## Data segment
━━━━━━━━━━━━━━━━

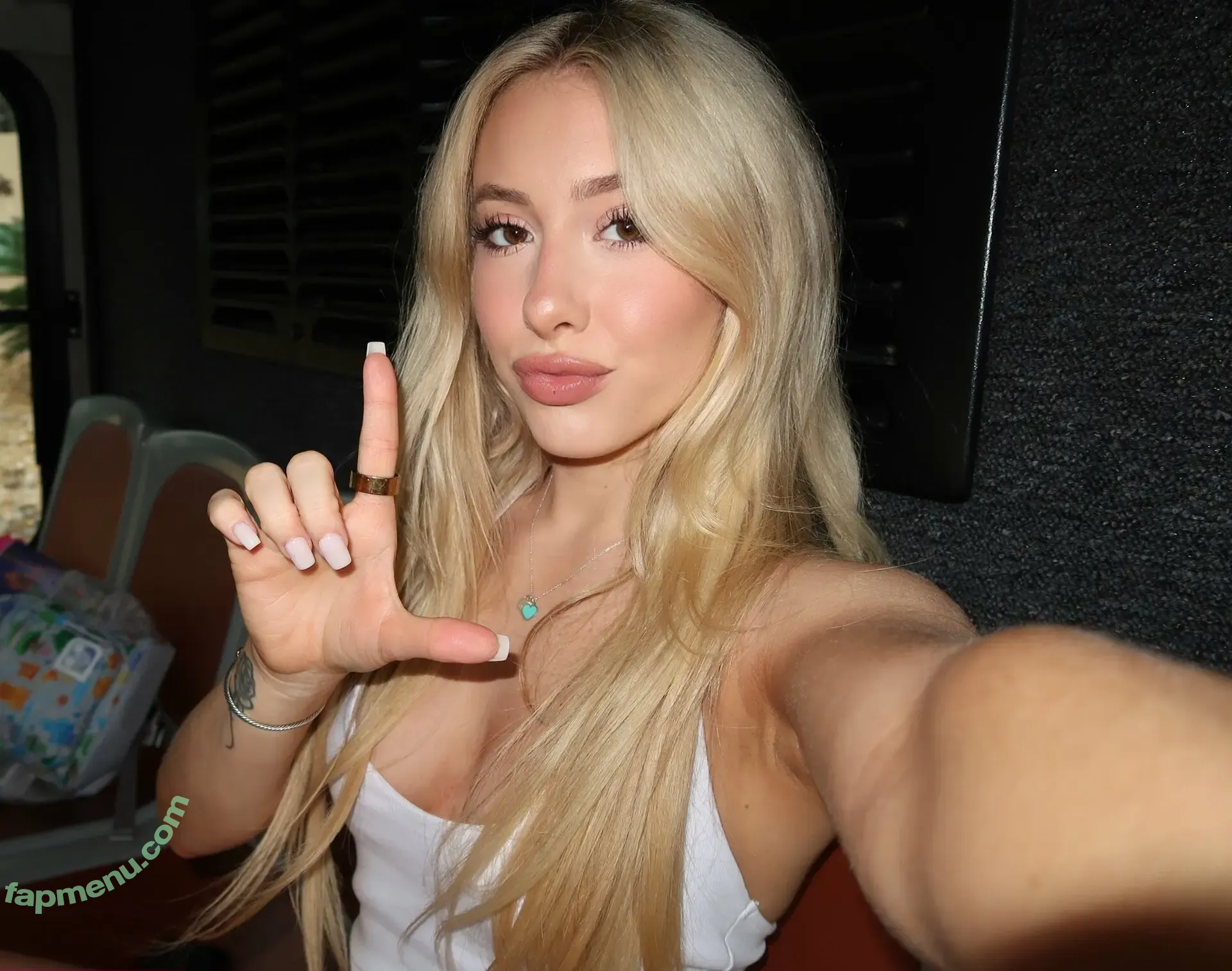 Princessava22 nude photo #0054 (goddessava22 / princessavaa222)
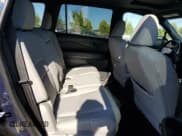 ✅ 2022 Honda Passport EX-L • VIN: 5FNYF8H55NB024139 • Lot: 68466315. Listed on Copart with 36,567 mi. Free auction sales archive from the USA and detailed vehicle history report at DreamBid. Image 11.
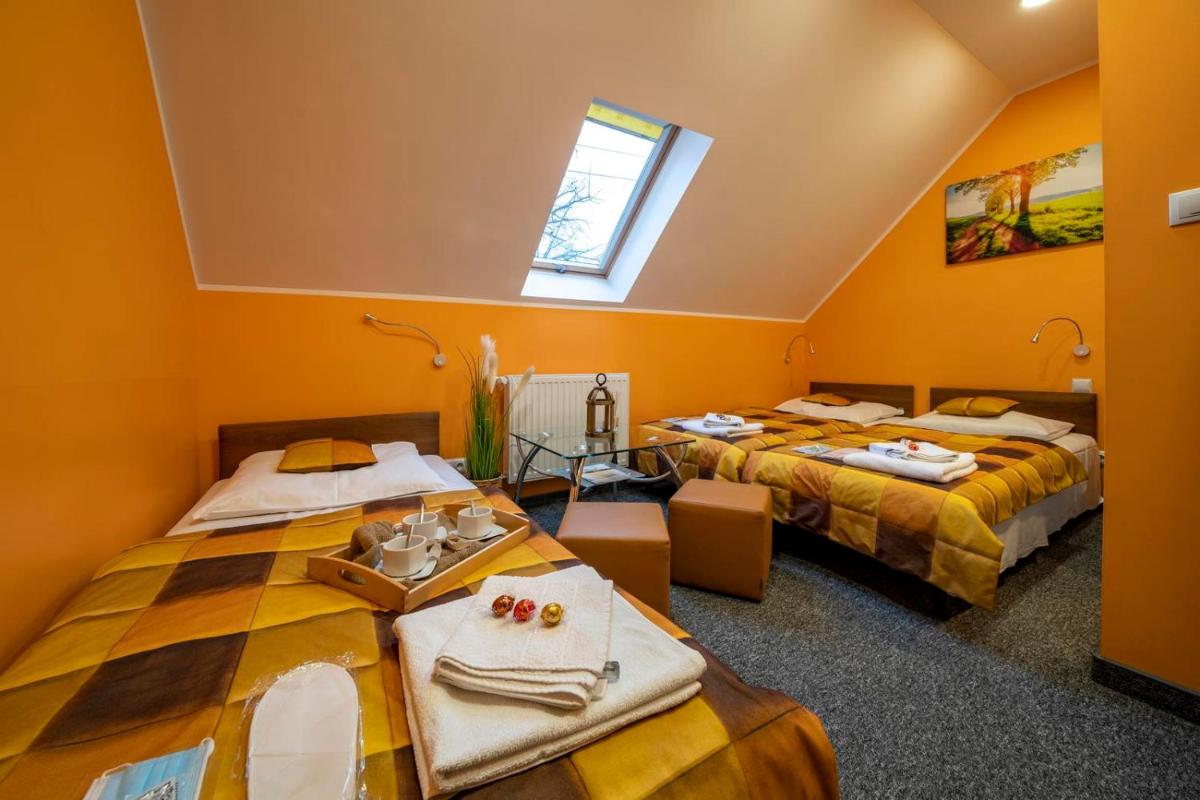 Triple Room with Private Bathroom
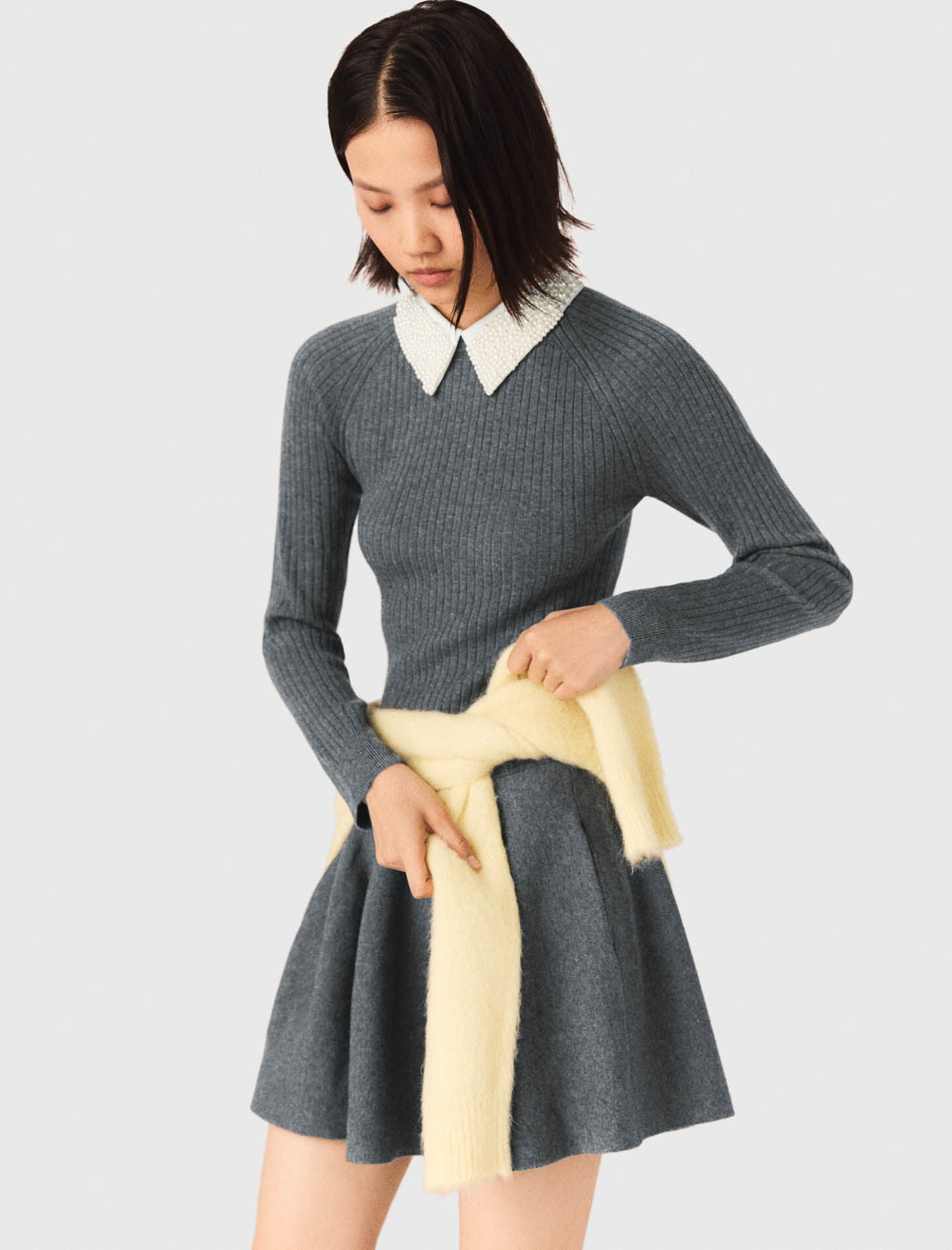 Maje Outlet / Beaded-collar short knit dress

━━━━━━━━━━━━━━━━

## Exercise prompt
Please reproduce the whole listing exactly; the pictures stay out.

## Result for this exercise
 Princessava22 nude photo #0054 (goddessava22 / princessavaa222)
 ✅ 2022 Honda Passport EX-L • VIN: 5FNYF8H55NB024139 • Lot: 68466315. Listed on Copart with 36,567 mi. Free auction sales archive from the USA and detailed vehicle history report at DreamBid. Image 11.
 Triple Room with Private Bathroom
 Maje Outlet / Beaded-collar short knit dress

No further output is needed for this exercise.